WHAT IS REQUIRED:
Only lines with the word "when" belong in the answer; copy them from the records below.
══ EXTRACTED RECORDS ══
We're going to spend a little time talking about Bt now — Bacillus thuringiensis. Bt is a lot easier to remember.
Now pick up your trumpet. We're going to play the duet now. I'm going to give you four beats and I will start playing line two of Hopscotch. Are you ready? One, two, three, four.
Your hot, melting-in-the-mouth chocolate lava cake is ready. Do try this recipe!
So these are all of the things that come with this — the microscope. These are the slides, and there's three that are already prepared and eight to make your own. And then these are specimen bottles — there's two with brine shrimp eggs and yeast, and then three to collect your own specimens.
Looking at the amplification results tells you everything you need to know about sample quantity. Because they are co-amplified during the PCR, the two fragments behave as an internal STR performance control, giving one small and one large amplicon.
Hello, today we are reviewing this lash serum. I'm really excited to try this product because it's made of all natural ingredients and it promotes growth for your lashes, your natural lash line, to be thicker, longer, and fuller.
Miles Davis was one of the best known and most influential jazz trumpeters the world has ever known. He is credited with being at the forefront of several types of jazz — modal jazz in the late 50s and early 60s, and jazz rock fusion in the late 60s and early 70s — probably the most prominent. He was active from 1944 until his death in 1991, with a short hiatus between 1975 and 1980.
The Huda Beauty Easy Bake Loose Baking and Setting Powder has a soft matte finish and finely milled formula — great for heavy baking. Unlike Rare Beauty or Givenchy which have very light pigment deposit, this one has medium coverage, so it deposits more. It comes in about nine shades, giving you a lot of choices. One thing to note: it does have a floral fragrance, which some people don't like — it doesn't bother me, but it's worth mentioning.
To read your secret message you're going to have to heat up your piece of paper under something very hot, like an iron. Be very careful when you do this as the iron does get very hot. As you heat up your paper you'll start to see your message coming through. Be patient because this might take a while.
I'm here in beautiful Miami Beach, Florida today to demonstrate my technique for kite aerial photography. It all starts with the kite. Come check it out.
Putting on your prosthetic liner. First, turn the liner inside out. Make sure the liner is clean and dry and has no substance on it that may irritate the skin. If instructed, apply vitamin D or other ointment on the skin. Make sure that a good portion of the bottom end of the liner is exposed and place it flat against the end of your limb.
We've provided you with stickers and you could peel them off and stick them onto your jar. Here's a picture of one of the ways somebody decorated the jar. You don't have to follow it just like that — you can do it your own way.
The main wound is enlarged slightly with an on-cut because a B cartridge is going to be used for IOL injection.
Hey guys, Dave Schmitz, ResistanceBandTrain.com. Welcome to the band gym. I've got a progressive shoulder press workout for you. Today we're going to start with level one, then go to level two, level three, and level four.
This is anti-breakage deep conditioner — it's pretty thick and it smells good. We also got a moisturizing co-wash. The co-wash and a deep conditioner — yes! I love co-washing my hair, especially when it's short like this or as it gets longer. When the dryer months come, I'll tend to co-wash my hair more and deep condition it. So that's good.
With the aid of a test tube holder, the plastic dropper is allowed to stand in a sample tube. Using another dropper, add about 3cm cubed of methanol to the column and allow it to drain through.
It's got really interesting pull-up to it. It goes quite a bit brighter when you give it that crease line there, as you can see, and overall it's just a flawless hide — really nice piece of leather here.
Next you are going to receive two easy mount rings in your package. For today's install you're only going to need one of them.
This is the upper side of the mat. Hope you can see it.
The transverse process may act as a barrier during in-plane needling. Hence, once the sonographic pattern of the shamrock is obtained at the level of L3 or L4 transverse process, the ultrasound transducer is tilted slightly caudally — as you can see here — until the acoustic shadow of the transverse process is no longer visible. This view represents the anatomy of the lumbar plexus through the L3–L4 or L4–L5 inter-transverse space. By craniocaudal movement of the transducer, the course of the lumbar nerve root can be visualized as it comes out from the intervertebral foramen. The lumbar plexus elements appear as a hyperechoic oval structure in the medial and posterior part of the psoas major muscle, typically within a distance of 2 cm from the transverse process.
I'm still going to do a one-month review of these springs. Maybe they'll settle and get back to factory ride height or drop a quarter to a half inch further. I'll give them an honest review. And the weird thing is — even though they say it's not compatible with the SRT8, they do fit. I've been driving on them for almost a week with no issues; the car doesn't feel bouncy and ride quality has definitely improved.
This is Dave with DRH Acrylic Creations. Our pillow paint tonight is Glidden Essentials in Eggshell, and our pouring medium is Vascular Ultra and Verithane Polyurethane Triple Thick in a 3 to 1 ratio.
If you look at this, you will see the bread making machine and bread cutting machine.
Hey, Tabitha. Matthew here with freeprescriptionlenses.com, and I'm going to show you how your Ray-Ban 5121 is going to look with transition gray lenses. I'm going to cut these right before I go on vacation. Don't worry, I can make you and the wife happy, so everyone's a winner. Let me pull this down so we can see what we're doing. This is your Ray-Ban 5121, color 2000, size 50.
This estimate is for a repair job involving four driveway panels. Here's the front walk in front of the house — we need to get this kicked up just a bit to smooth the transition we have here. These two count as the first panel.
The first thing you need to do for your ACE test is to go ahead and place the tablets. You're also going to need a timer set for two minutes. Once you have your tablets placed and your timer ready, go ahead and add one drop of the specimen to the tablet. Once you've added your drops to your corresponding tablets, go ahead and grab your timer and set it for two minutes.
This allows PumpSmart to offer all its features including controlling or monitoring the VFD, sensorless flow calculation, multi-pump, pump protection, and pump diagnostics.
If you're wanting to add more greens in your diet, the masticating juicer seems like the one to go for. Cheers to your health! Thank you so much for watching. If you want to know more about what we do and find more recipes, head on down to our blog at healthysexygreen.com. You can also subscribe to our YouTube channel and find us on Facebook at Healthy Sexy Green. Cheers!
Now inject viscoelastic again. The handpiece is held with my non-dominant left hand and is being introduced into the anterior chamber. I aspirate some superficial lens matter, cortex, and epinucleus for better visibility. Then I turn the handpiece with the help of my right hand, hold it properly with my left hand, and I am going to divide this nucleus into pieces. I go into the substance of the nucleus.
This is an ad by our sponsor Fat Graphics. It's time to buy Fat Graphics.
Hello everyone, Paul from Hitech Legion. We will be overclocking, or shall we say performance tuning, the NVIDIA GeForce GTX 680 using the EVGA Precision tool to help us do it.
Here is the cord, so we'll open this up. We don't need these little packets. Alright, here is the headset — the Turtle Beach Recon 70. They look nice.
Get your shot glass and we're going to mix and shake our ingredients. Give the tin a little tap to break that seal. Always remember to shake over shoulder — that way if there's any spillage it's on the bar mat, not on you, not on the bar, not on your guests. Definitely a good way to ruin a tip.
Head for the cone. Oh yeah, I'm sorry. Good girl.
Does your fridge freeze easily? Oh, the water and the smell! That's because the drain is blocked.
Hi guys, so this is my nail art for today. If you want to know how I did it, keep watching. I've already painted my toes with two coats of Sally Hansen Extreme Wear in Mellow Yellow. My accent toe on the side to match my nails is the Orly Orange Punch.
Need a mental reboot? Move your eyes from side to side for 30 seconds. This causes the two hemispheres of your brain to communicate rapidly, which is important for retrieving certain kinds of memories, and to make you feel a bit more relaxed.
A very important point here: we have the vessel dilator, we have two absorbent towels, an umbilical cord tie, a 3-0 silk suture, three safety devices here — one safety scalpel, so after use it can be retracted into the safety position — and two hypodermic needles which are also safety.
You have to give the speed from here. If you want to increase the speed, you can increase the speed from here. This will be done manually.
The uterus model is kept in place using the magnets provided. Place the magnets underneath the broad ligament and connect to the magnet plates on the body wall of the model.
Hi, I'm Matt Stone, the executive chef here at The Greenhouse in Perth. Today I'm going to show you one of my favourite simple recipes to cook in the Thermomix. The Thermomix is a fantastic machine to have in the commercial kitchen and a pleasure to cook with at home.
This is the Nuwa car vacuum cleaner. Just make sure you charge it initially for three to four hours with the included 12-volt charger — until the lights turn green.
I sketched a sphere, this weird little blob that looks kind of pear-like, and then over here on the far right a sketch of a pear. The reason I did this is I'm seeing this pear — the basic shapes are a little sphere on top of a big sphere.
═══
FINISHED EXERCISE:
To read your secret message you're going to have to heat up your piece of paper under something very hot, like an iron. Be very careful when you do this as the iron does get very hot. As you heat up your paper you'll start to see your message coming through. Be patient because this might take a while.
This is anti-breakage deep conditioner — it's pretty thick and it smells good. We also got a moisturizing co-wash. The co-wash and a deep conditioner — yes! I love co-washing my hair, especially when it's short like this or as it gets longer. When the dryer months come, I'll tend to co-wash my hair more and deep condition it. So that's good.
It's got really interesting pull-up to it. It goes quite a bit brighter when you give it that crease line there, as you can see, and overall it's just a flawless hide — really nice piece of leather here.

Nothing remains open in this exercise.